The HPLC (Shimadzu20A, Tokyo, Japan) was applied to assess the phenolic compounds in the OLWE and OLAgNPs. The mobile phase constitutes a 0.01% acetic acid solution in aqua (A) and acetonitrile (B). The stationary phase was the C18 separation column (Gemini, 4.6 × 150 mm × 5 µm).The flow rate was adjusted to 2 mL/min. For the first 5 min, the isocratic elution was 95% A and 5% B, followed by a linear gradient to 50% A and 50% B within 5–55 min, then 50% A and 50% B within 55–65 min, and 95% A and 5% B at 65–67 min; post-time was 6 min before the next injection. The HPLC parts, autosampler, pumps, column, oven, and diode array system were adjusted and monitored. The collected results were analyzed using Class VP software (Shimadzu 5.0, Japan). At 280 nm, the phenolics were estimated, and at 370 nm, the flavonoids [26,27].

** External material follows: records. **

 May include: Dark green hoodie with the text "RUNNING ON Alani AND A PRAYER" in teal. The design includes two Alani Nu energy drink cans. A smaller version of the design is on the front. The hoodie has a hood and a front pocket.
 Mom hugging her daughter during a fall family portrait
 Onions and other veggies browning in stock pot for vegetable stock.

2.6. The Biological Activity of OLWE and OLAgNPs

2.6.1. Antioxidant

The OLAgNPs and OLWE were tested for their ability to scavenge DPPH at a concentration of 50 µg/mL following Saad et al. [25]. First, 100 µL of AgNPs and OLWE were homogenized in 100 µL of DPPH for 10 min; the mix was placed in wells of a microtiter plate and kept in the dark for 30 min; the ready plate was read at 517 nm using a microtiter plate reader (BioTek Elx808, Santa Clara, CA, USA) and the equation was applied (Equation (2)).
%   Antioxidant   activity = Control   absorbance sample   absorbance Control   absorbance × 100  

2.6.2. Antimicrobial

The antimicrobial activity of the OLAgNPs and OLWE was performed against various bacterial strains. The activity of the OLAgNPs and OLWE was also tested against fungi. The bacterial and Candida strains were selected depending on the microbiological testing of patients infected with microorganisms. The bacteria and Candida strains were cultured overnight at 37 °C in a shaking incubator with Muller Hinton broth (MHB) to a concentration of 1 × 108 CFU/mL. The disc diffusion method was used to conduct the antibacterial activity [28]. The plates were inculcated using the spread plate technique with 100 µL of the active bacterial and Candida isolates. Previously saturated paper discs (6 mm) with OLAgNPs (5, 25, 50, and 100 µg/mL) and OLWE (100 μg/mL) were placed on the surface of the plates. The plates were incubated for 24 h at 37 °C. A ruler measured the inhibition zones surrounding the discs (mm). An antifungal antibiotic and levofloxacin as a positive control.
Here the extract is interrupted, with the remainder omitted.